*EXERCISE PROMPT*:
Beginning at the line that contains "Goce Tasevski - photo 8", output each line exactly through the end of the records, and drop any pictures.
[Opening EXERCISE DATA section]
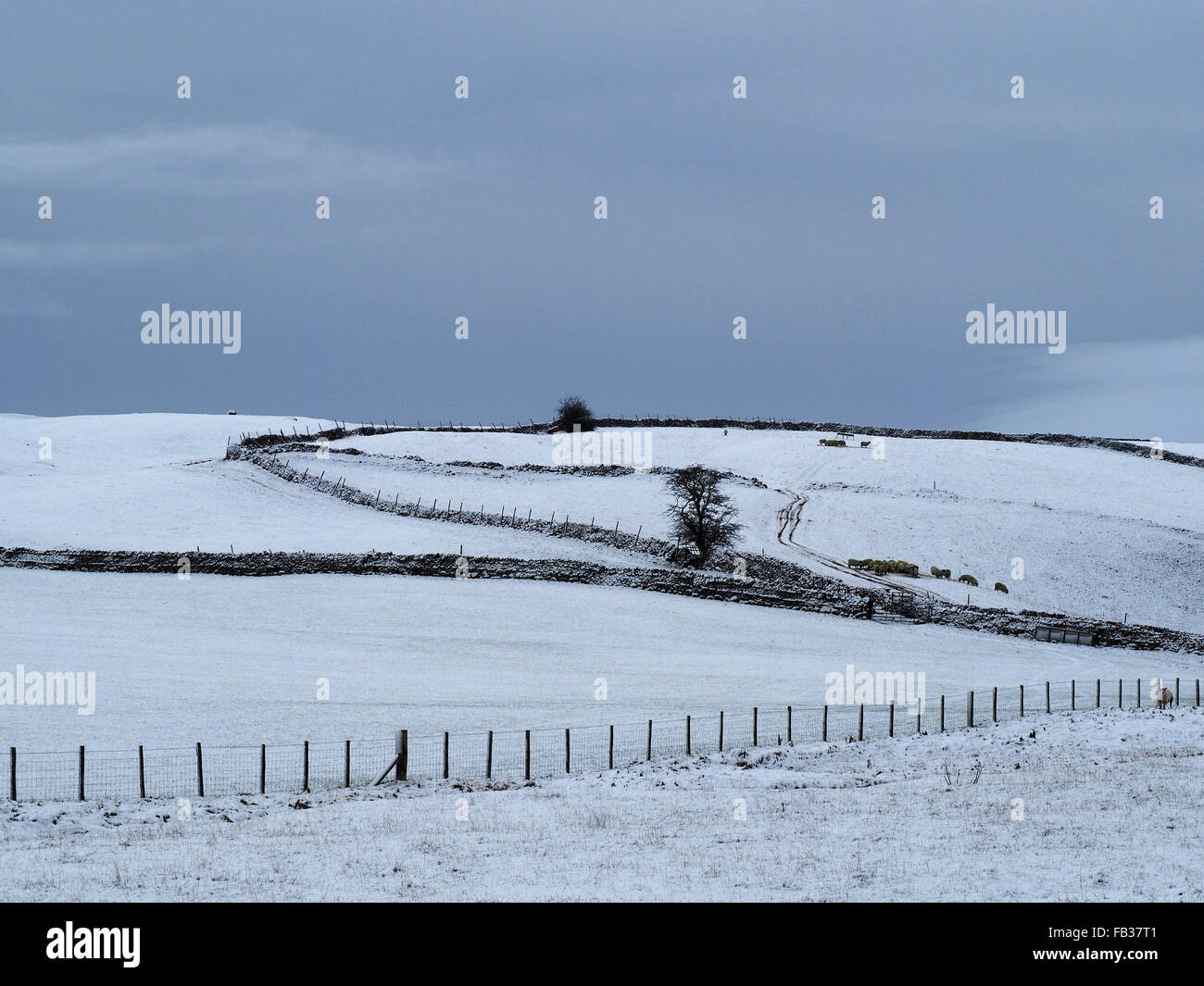 Snowy landscape in rural Cumbria with sheep at feeder fence and dry stone walls Stock Photo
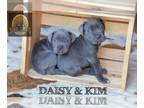 Cane Corso PUPPY FOR SALE ADN-791498 - AKC Cane Corso Puppies for sale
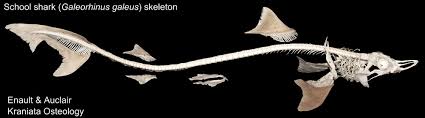 Image result for Galeorhinus galeus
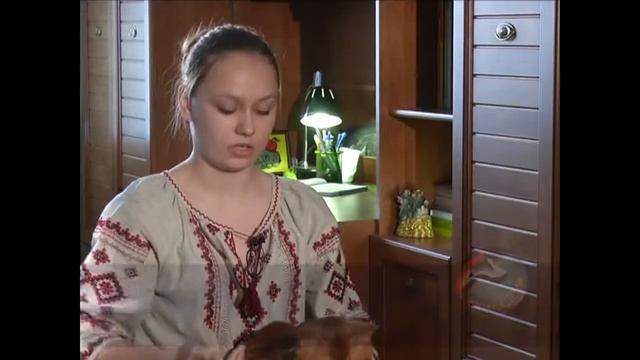 Сомалійська кішка. - результат мутації, чи ... смотреть онлайн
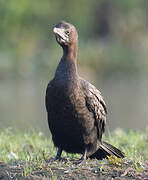 Cormoran de Vieillot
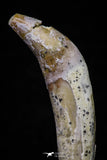 20683 - Extremely Rare 2.44 Inch Pappocetus lugardi (Whale Ancestor) Incisor Rooted Tooth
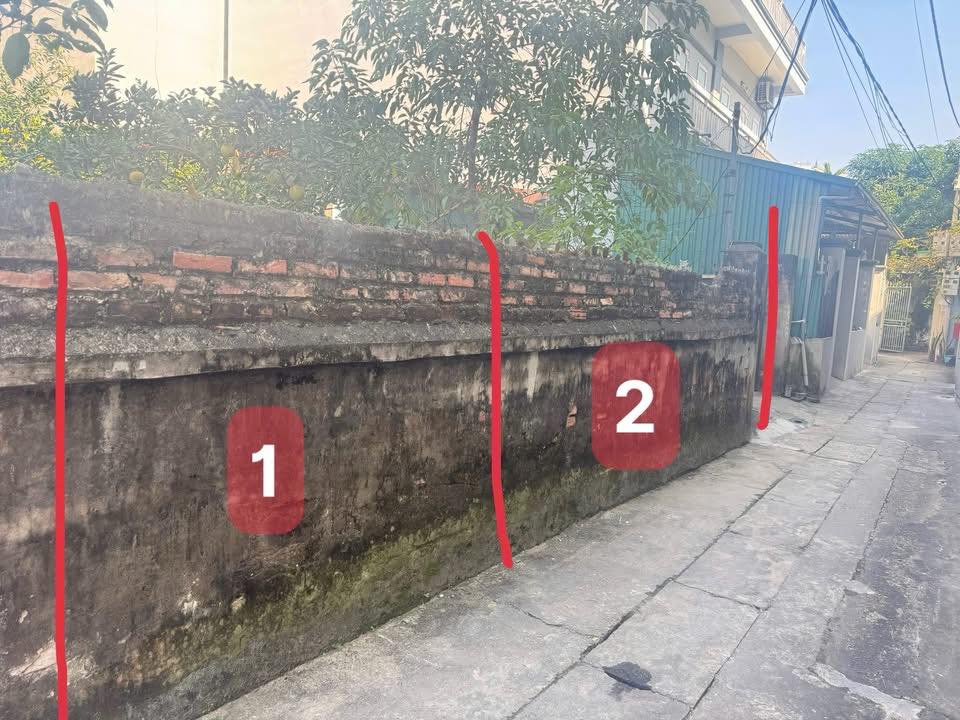 Đất nở hậu Ngũ Hiệp, Thanh Trì 62m² - Giá đầu tư, sổ đỏ chính chủ!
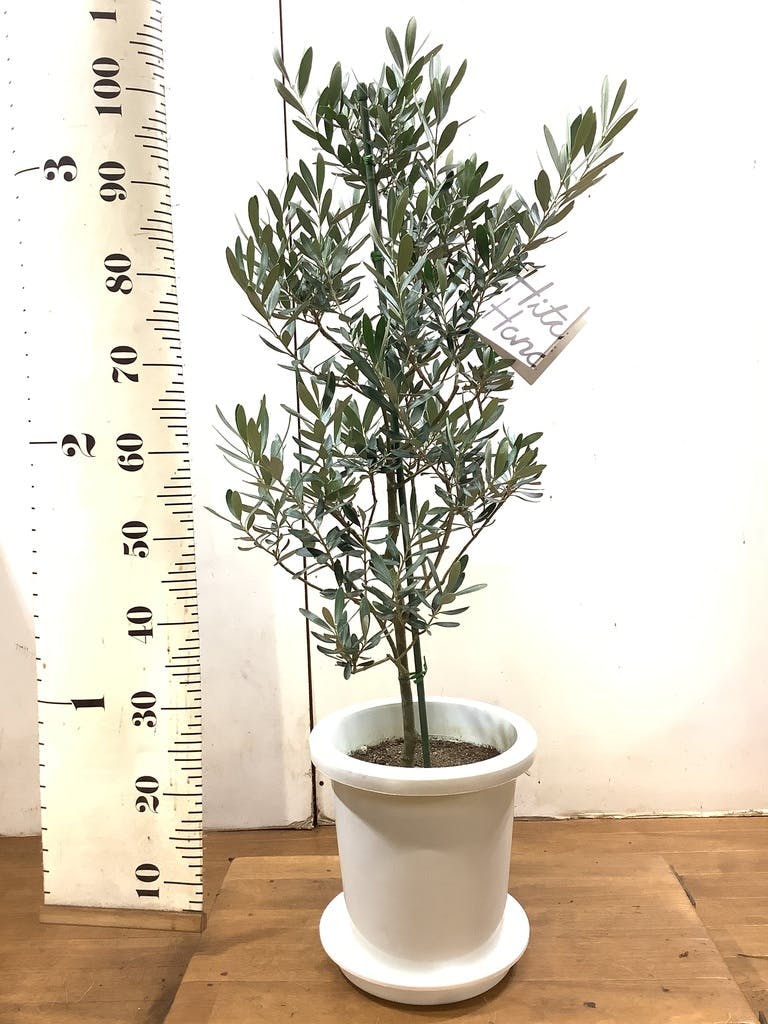 観葉植物 オリーブ 8号 チプレッシーノ プラスチック鉢 | 観葉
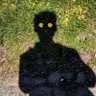 Profilbild von Brisket
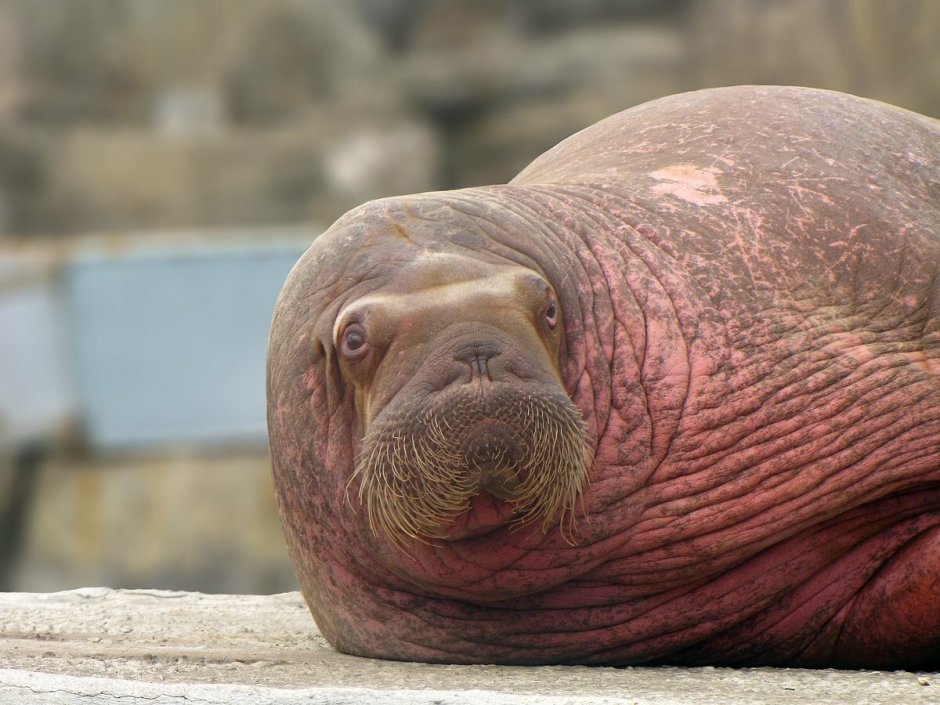 Амурские моржи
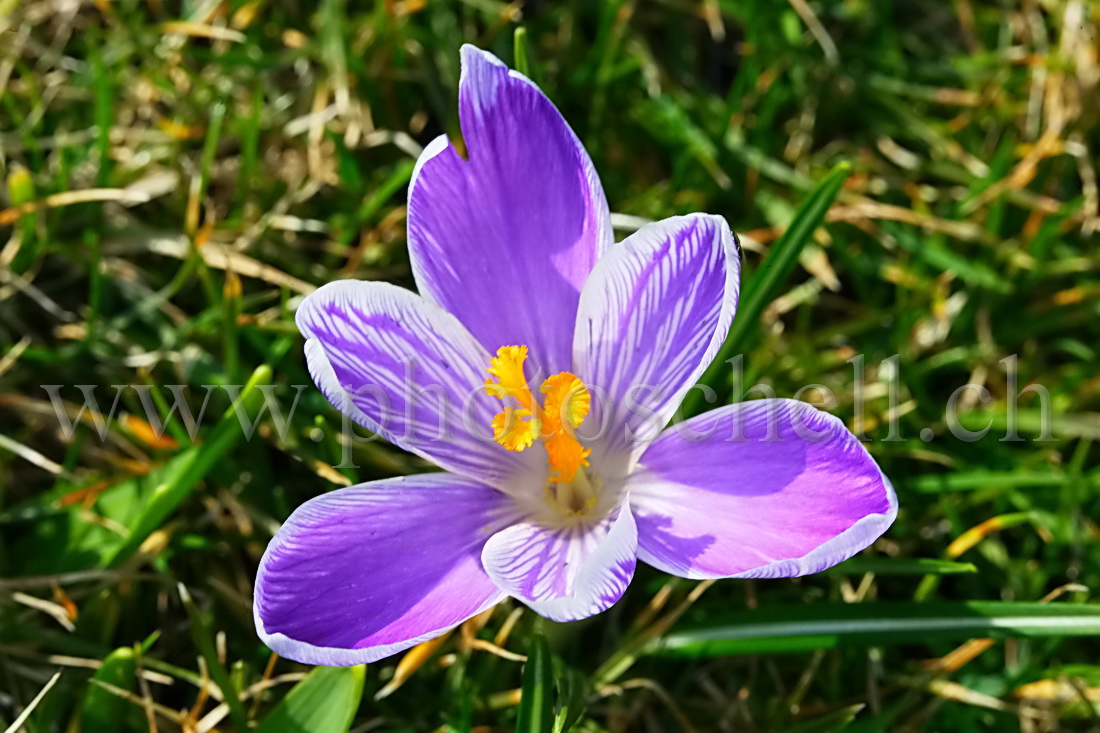 Crocus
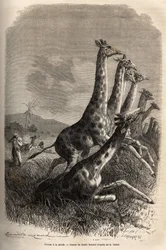 Chasse à la girafe : le narrateur tire sur son gibier et ses guides achèvent une girafe déjà blessée. Gravure illustrant l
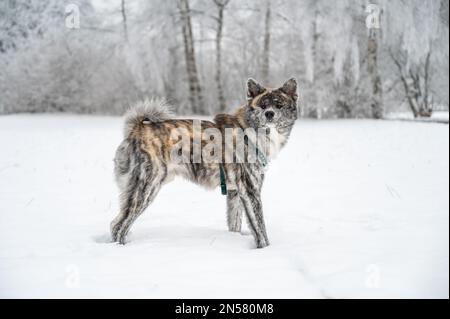 Le joli chien akita inu à fourrure d'orange grise est debout dans la neige pendant l'hiver Banque D'Images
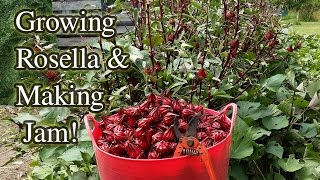 Rosella Growing Harvesting amp Jam Making [upl. by Novick]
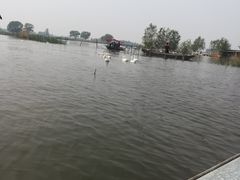 -白洋淀景区
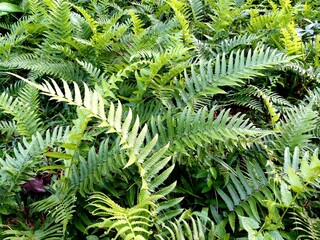 green fern leaves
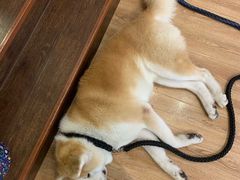 -YCHL Studios健身工作室(市二宫店)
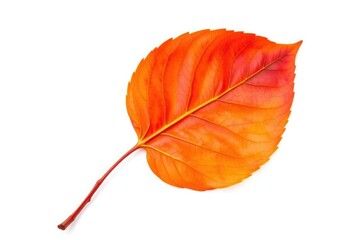 Single wilting leaf isolated on pure white backdrop, high resolution, image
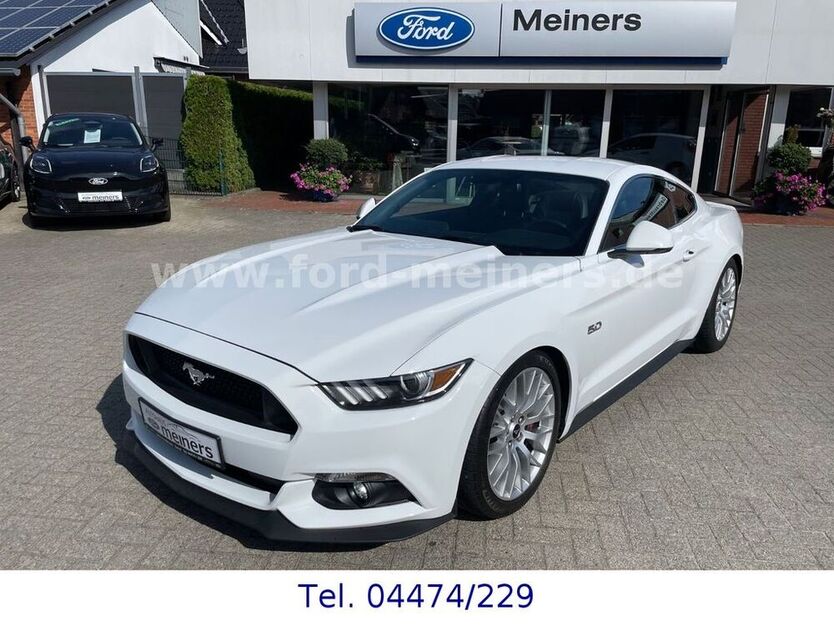 Mustang
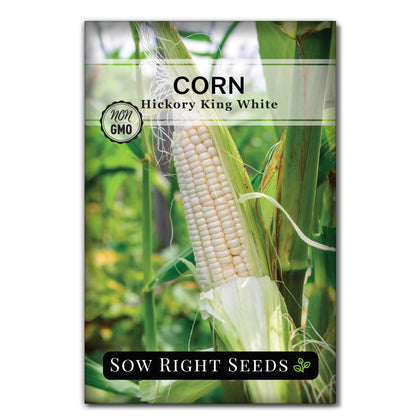 Sow Right Seeds Hickory King white corn ears with creamy kernels ideal for roasting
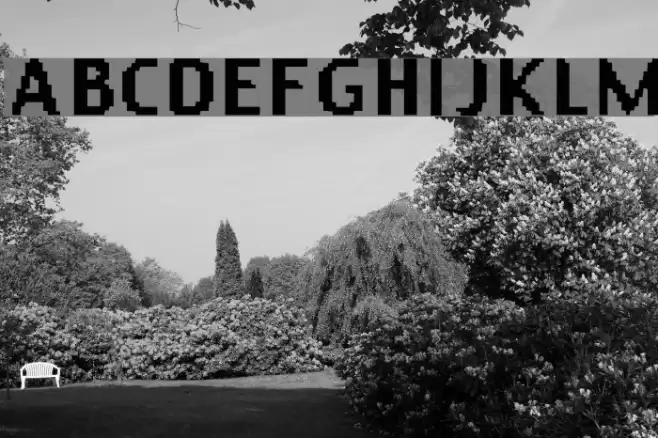 Sensible Data Font examples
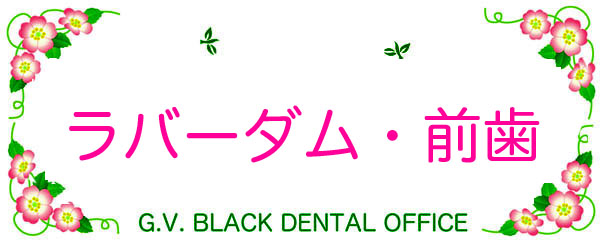 ,K,o[_,Ƃ,g,R,摜,ǂ,,,, G.V. BLACK DENTAL OFFICE,GVBDO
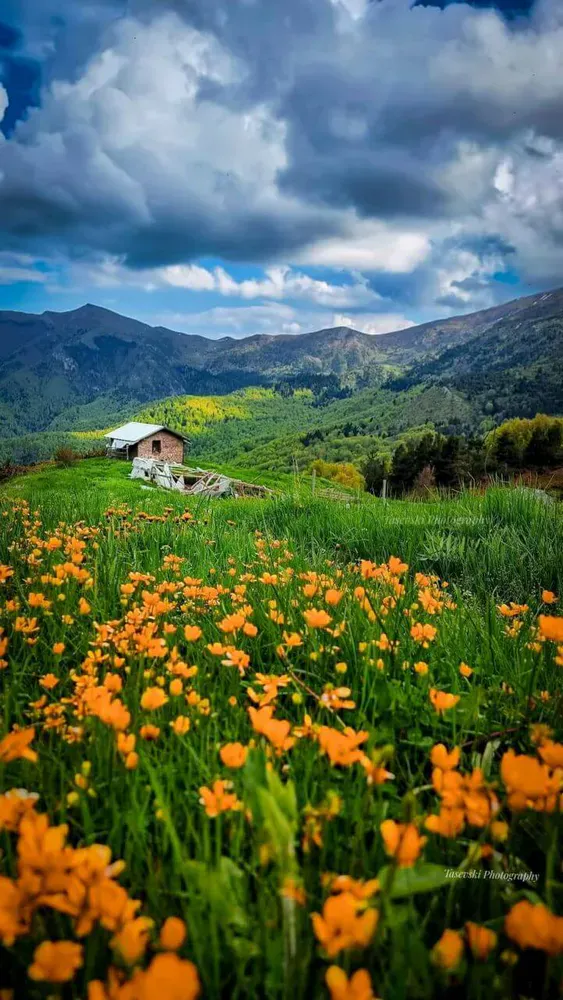 Goce Tasevski - photo 8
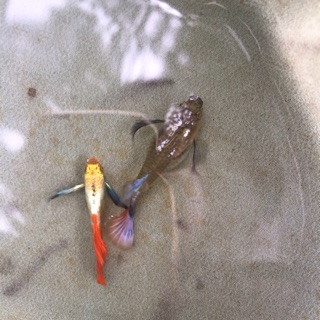 Guppy Dumbo Redtail Ribbon theo cặp đẹp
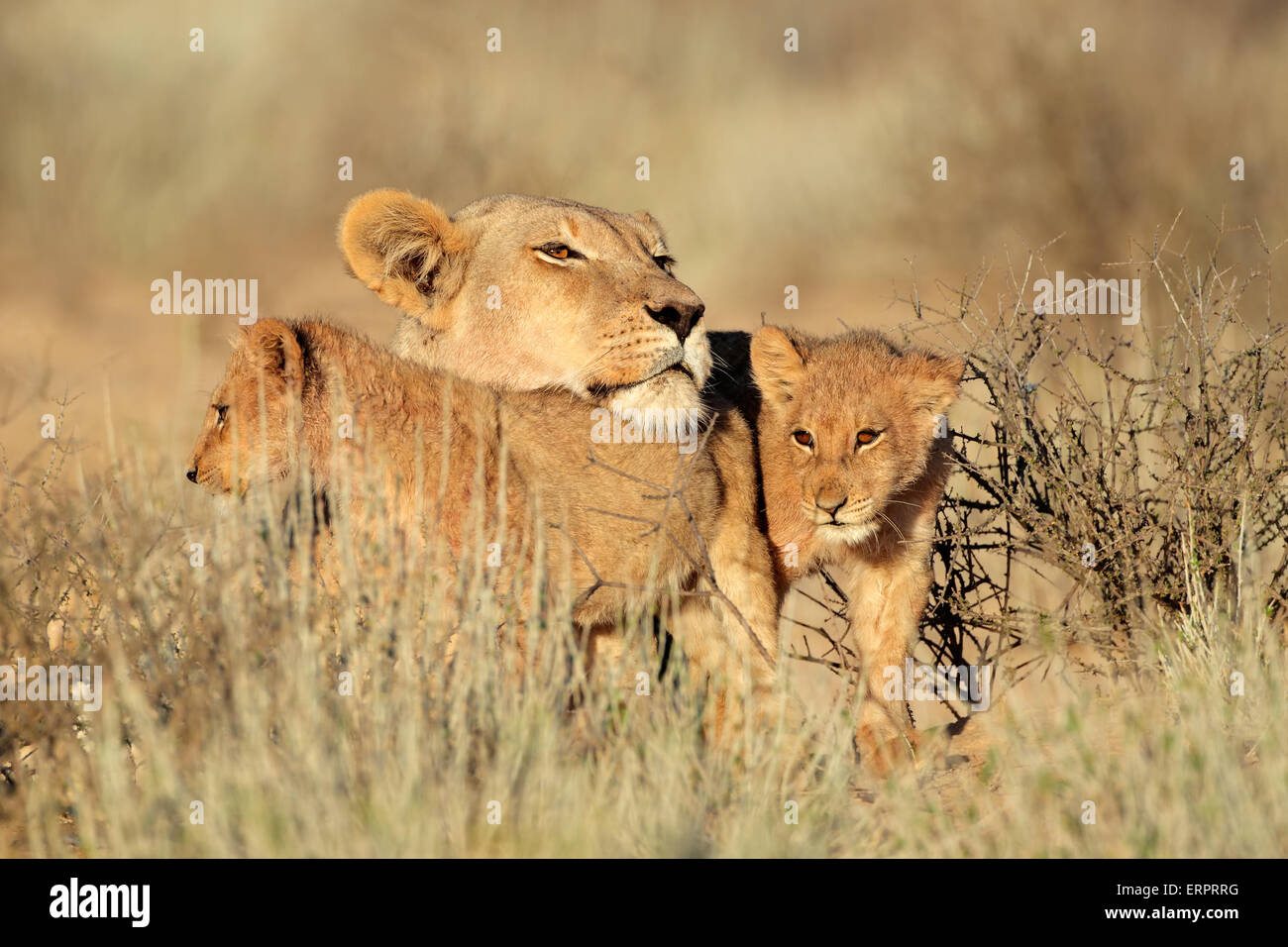 Leona con cachorros de león (Panthera leo), el desierto de Kalahari, Sudáfrica Foto de stock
[Closing EXERCISE DATA section]
*TASK RESULT*:
 Goce Tasevski - photo 8
 Guppy Dumbo Redtail Ribbon theo cặp đẹp
 Leona con cachorros de león (Panthera leo), el desierto de Kalahari, Sudáfrica Foto de stock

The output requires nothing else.